As Lytton deftly demonstrates, the lessons of clergy sexual abuse litigation give us reason to reconsider the case for tort reform and to look more closely at how tort litigation can enhance the performance of public and private policymaking institutions.
The "medical apology" has received a lot of attention lately. Yesterday at Overlawyered, Walter Olson quoted from this column by Michael O'Hare. Twenty-five years ago, O'Hare worked on a Massachusetts state commission charged with addressing medical malpractice. O'Hare offered this anecdote, which I take the liberty of quoting from Olson's post in full:
The story was that soon after [in-house hospital lawyer] Fred arrived, he was assigned to get on top of malpractice claims, and he sat down with six months’ worth of files. All of them, he discovered, began with a collection action for non-payment of a bill. So he ordered the accounting office to send him every overdue account before any efforts at collection, and invited the deadbeat patient into his office for a conversation. Invariably, the patient was withholding payment because he thought he had been mistreated. Often, the patient was right. The next meeting was with the practitioner accused of having screwed up, and the outcome was sometimes an apology and a promise to fix the problem for free (for example, another operation at no charge to retrieve the forgotten sponge), sometimes an expression of regret for a bad outcome with an explanation that the hospital hadn’t actually erred: not everything in medicine works every time. Of course this required that Sanders and Fred drive out fear, so the staffers could be honest and sympathetic.

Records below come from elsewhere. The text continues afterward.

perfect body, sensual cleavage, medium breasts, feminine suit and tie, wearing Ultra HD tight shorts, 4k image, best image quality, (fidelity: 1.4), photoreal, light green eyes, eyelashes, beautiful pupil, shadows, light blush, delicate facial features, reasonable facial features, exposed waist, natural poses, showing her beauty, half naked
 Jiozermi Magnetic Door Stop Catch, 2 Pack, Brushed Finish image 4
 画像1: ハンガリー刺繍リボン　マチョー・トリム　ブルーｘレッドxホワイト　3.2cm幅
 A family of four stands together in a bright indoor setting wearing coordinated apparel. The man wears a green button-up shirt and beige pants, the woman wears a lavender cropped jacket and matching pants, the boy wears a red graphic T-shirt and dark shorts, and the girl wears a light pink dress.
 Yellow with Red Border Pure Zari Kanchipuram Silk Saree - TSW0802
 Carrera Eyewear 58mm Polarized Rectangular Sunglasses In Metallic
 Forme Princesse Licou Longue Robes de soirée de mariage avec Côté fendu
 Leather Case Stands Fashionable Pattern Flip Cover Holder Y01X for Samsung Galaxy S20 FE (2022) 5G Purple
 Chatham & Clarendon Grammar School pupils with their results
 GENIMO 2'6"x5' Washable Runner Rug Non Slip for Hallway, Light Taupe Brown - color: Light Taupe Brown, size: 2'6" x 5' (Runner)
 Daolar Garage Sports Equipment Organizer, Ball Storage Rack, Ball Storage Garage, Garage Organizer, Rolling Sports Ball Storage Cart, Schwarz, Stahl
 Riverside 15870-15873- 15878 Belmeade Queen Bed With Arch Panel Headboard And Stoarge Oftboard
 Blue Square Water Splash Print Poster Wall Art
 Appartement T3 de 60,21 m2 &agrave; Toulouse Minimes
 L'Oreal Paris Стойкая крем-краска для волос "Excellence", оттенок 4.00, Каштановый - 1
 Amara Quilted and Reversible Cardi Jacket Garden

The result of this was a really spectacular reduction in malpractice costs, even counting in the “warranty service” repairs; I don’t remember the numbers but it was on the order of more than half, partly in fees to defense lawyers, partly in claim payments. Frequently the bill even got paid. The reduction in lawsuits occurred both when the hospital was wrong and said so, and when it was right and said so; it turned out a lot of the injured patients just wanted to tell a live person what had happened to them and get an apology. Of course the public relations benefits are enormous, if hard to measure. And quality always goes up when your own people aren’t afraid to talk to each other about instructive mistakes.
It’s notable that Fred’s pay didn’t depend on how many cases he litigated….
Kathy Fackler of SaferParks.org has an editorial about what she sees as the lessons learned from the Six Flags Kentucky Kingdom accident and the regulatory implications. Even if you're not interested in amusement safety as such, it's a good example to think about. My initial post about the report is here.